# Queensland or Tasmania in January?



## Bobcat99 (Jul 10, 2011)

Hello! I'm looking into traveling to Australia in late December/early January for 2 weeks, and I wanted some opinions on where to go/what to do. I'd like to spend one week in Sydney, and then I was thinking of either going to Tasmania for a week or Queensland (Brisbane/Gold Coast/Fraser Island) for a week.

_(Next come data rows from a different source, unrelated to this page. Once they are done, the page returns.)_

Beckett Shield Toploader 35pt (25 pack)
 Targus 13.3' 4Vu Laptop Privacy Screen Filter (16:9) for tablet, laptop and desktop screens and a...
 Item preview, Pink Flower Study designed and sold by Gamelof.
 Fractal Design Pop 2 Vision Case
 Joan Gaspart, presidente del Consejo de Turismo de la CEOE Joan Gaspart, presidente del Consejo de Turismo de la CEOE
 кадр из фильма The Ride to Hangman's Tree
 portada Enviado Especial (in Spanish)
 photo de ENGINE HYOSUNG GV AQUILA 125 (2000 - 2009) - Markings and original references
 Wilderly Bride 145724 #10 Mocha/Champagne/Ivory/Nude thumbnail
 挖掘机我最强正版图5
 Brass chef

Which would be best at that time of year? Any advice is greatly appreciated!


----------



## sarahjobaroo (Jun 16, 2011)

Hey Bobcat! Well that totally depends on what type of weather maybe that you are partial to. Its more hot and humid up in Queensland that time of year and although it is still hot in Tassie then, its nowhere near what you'd experience in QLD - although it is the wet season for QLD so def a bit of a lucky dip! For me Tassie wins simply because I feel it is such an underrated state in comparison. The beaches there are beautiful, the scenery perfection and the people very friendly. Its also not as full of backpackers as QLD would be for sure if that is a crowd you want to keep your distance from!


----------



## Alio (May 3, 2011)

I'm going to have to agree with Sarah about QLD being a bit of a lucky dip. Went over a couple of years ago in January and it rained most days. Not the whole day though, just a few showers, so you could still get out and do things


----------



## TheNavigator (Jun 2, 2011)

I think one month is not enough for Australia..lol


----------